South Africa’s Purchasing Manager’s Index (PMI) rose to 50.5 index points in March 2016. This is the first time since July 2015 that the index managed to edge above the neutral 50-point mark, signalling a possible expansion in the sector. While the improvement in March is encouraging, the average reading for Q1 2016 (47) is only 1.4 points better than the average recorded in Q4 2015, noted the Bureau for Economic Research (BER).

The business activity index (47.7) also remained stuck below 50 points in March. This suggests that output remained under pressure. Indeed, after the sharp monthly contraction in January’s production figures (as measured by Statistics South Africa), the sector could contract again on a quarter-on-quarter basis in Q1 2016.

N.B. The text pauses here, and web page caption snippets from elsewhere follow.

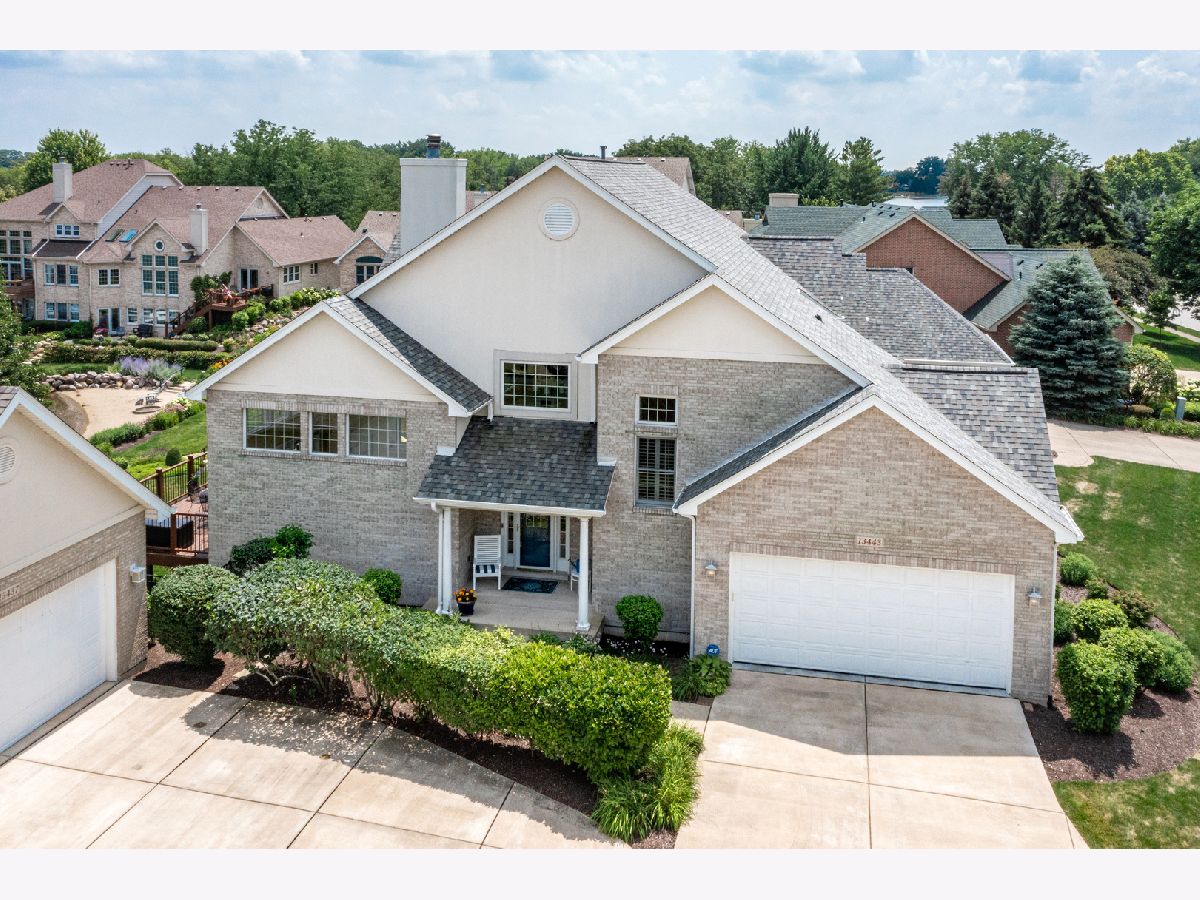 Homes & Condos & Townhomes Sold The Lakelands Plainfield Illinois, 13443 Lakeshore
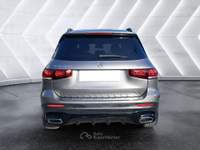 Mercedes-Benz Classe GLB GLB 200 d Automatic 4MATIC Premium usata Salerno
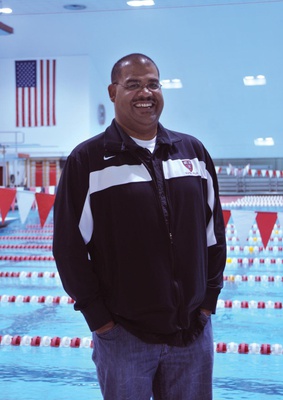 Cover image for Coach Minnis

As in February, there was the broad-based improvement in the PMI with four out of the five major subcomponents ticking up in March. The biggest driver of the increase in the headline PMI was the 5.2-point rise in the new sales orders index. The index rose to 53.1 in March. This means that manufacturers could have found some benefit from import-substitution or a pick-up in export demand on the back of the sustained weaker rand exchange rate, noted BER. However, the recent improvement will have to be maintained before activity and employment also increase going forward.

Despite the domestic demand environment remaining challenging, purchasing managers are more upbeat about expected business conditions. The index measuring expected business conditions in six months’ time rose from 44.8 to 51.1 points in March.

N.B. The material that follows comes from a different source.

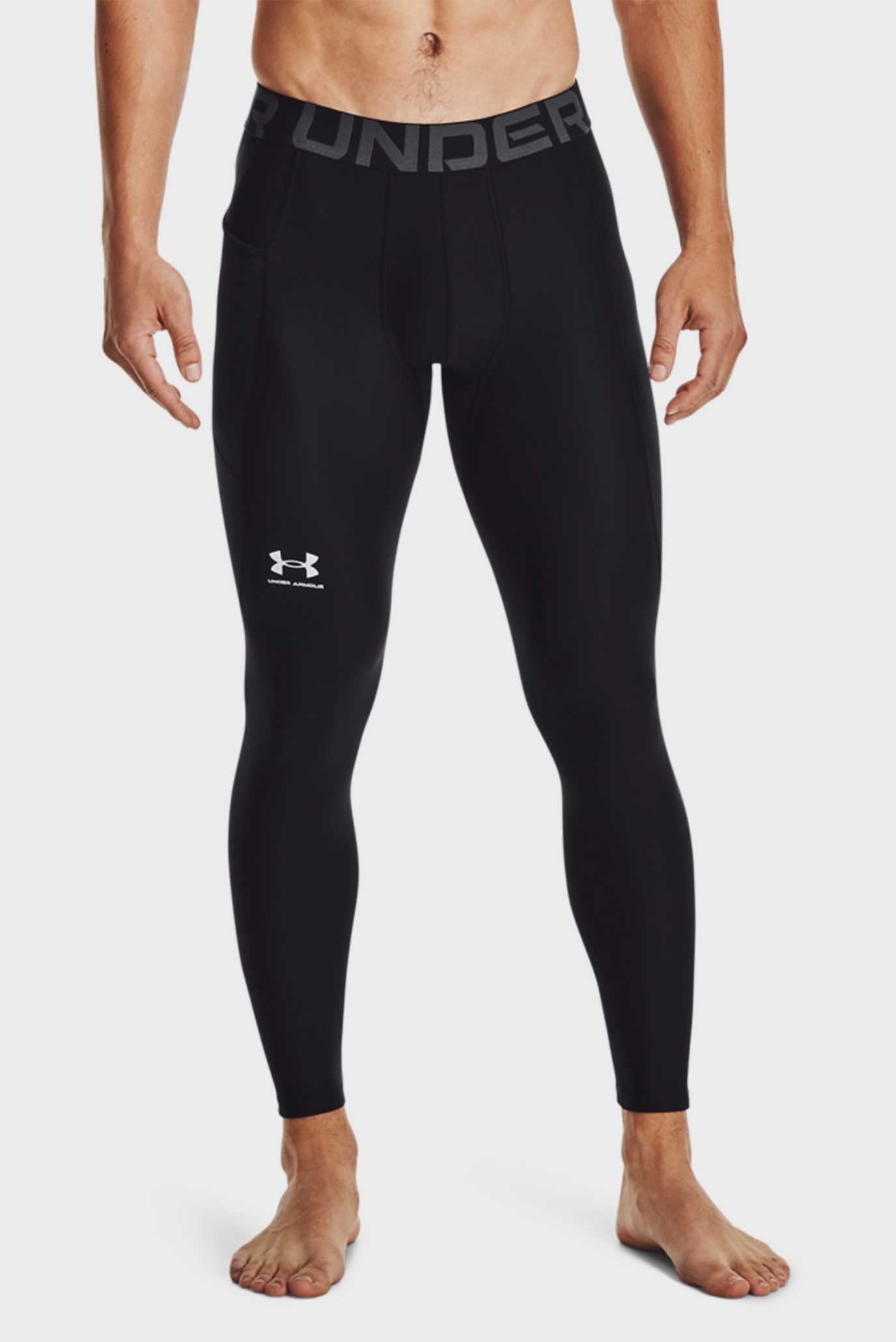 Легинсы UA HG Armour Leggings 1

The PMI leading indicator also edged further above 1 in March, which means that new sales orders outstripped inventories, which (if sustained) could support output in coming months.

The price index remained elevated, albeit that the index declined somewhat to 87.8 from 90.7 in February. The average for the first quarter of 2016 is the highest quarterly average in two years. With the rand remaining weak and a fuel price increase affected in Early April, manufacturers continue to face significant upward pressure on costs.